4.2.1.4. L'USINE

Cette logique de formation, pensée dans les termes de la rupture avec l'environnement, peut également être rapportée aux expériences professionnelles antérieures qui ont constitué un capital d'expériences négatif, ressort d'une volonté d'échapper définitivement à un univers professionnel dépourvu d'intérêt. ‘<<C'est l'usine quoi, c'est-à-dire, on est là pour travailler et uniquement quoi y a que le travail qui ressort...puis à part ça l'ambiance c'est zéro heu c'est froid, c'est nul voilà, tout simplement, c'est nul c'est nul nul nul, on pourrait travailler dans de meilleures conditions et mieux et puis tout le monde aurait le sourire et ça pourrait se passer très bien mais ça se passe pas comme ça...ben les gens travaillent par nécessité, ils croient pas en ce qu'ils font, et puis ils n'ont aucune responsabilité, ils se font chier dans ce qu'ils font, en fin de compte on bosse par nécessité quoi>>.’ La mauvaise ambiance, résultat d'une démotivation, d'un ennui, d'une perte de "désir" parce que le travail est réduit à des tâches d'exécution, est un fléau contre lequel Makram, comme Cyril, veut tenter de se prémunir : ‘<<Je pense que c'est nul d'aller au boulot pour se dire que "faut que je gagne tant à la limite heu si j'bosse pas j'en vivrai mieux" c'est pas vrai j'pense que le boulot c'est important même si on serait pas payé, parce que à rien faire on s'ennuie voilà...>>.’ Le travail est avant tout l'activité, le besoin d'être animé du désir d'agir.
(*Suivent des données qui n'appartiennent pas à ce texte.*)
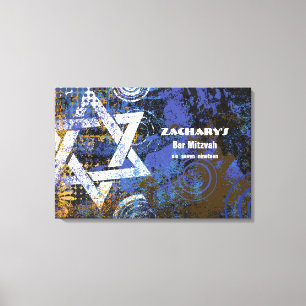 Lienzo Mogen David Star Bar Mitzvah Rótulo A Bordo
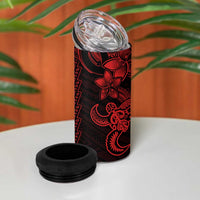 Red Hawaiian Kakau Turtle 4 in 1 Can Cooler Tumbler Polynesian Tribal LT9 - Polynesian Pride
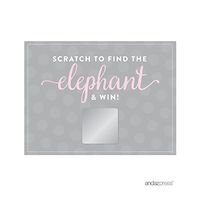 Andaz Press Girl Elephant Baby Shower Collection, Games, Activities, Decorations, Baby Scratch Off Winner Game Cards, 30-Pack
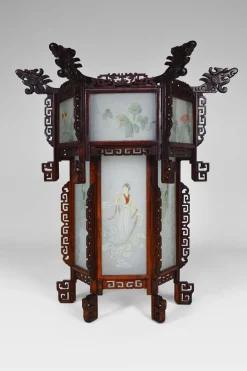 New Pamono Large Antique Asian Carved Wood Lantern with Dragons & Painted Glass Panels, 1900s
On voit ici comment le discours de Makram s'oppose terme à terme au discours de Nadine qui envisagerait bien de ne plus travailler si des opportunités financières compensatrices se présentaient. Mais l'opposition ne peut se réduire à une opposition sexuée. Car le contexte situationnel est peut-être également déterminant pour justifier cette opposition : l'une travaille, l'autre est en recherche d'emploi.
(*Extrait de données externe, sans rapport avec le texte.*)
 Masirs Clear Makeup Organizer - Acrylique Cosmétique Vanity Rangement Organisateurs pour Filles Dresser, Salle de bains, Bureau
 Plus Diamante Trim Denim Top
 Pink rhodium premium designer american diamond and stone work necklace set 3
Les expériences de travail vécues sur le mode de la nécessité financière sont d'autant plus mal vécues que le travail est appréhendé par Makram comme une nécessité d'action qui dépasse les seuls termes financiers. Ne trouver comme intérêt dans le travail que le gain financier devient alors insupportable pour qui serait prêt à travailler sans rémunération, tant l'activité est primordiale.
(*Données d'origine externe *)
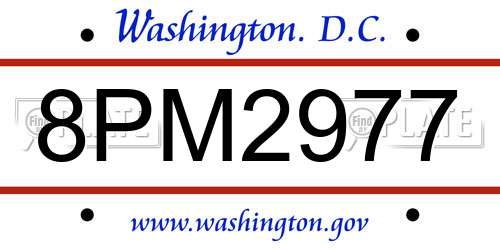 8PM2977 District Of Columbia License Plate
Les pensées libérale et chrétienne avaient au siècle dernier promu la nécessité du travail comme moyen pour lutter contre une oisiveté, mère de tous les vices. Cette oisiveté constitue aujourd'hui un mal auquel la plupart des jeunes rencontrés tentent d'échapper, tant l'oisiveté est devenue symbole d'<<ennui>>. Le travail se construit donc comme nécessité "d'action", davantage que "financière", non pour échapper à une oisiveté tentatrice mais pour fuir un ennui destructeur.